La guerre du logement -1955

Après la seconde Guerre mondiale (1939-1945), la France connaît une grave crise du logement. Submergée par des demandes de familles sans abri ou mal logées, l’association Emmaüs, créée en 1949, va leur venir en aide en les relogeant et en lançant les chantiers de cités d’urgence. Ainsi, dès les débuts de son action et jusqu’à la fin de sa vie, l’abbé Pierre fait du combat en faveur d’un logement digne, un combat majeur de son action.

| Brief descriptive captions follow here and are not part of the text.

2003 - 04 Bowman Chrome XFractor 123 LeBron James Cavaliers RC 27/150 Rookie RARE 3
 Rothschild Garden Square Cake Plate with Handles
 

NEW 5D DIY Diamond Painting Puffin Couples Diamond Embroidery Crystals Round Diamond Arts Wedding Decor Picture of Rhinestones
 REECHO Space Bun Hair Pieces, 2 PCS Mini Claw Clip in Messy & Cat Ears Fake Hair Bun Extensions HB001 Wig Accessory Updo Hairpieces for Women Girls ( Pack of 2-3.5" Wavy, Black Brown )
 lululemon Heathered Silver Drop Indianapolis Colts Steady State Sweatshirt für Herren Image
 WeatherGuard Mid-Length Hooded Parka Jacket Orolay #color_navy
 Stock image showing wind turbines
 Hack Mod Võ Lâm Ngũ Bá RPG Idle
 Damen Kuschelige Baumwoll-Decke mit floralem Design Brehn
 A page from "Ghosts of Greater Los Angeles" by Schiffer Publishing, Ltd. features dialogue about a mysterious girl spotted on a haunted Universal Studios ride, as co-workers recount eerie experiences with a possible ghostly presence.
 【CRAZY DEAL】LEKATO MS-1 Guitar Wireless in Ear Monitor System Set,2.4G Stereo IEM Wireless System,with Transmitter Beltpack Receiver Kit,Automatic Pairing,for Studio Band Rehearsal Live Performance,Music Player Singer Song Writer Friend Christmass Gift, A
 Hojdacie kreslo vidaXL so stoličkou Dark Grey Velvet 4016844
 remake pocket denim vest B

En témoignent de nombreux écrits, notamment ce texte manuscrit, « la guerre du logement », [1955].

 

La Guerre du logement

Qu’on s’en réjouisse ou qu’on le déplore, qu’on le reconnaisse ou que l’on refuse de le voir, elle est déclarée.

Plus rien ne pourra l’arrêter.

On la gagnera dans la mobilisation générale des énergies de la nation, par les forces unies de tous, sous la direction, en chaque région, de Commissaires au Logement, dotés de pleins pouvoirs en leur domaine, et relevant directement du chef du Gouvernement.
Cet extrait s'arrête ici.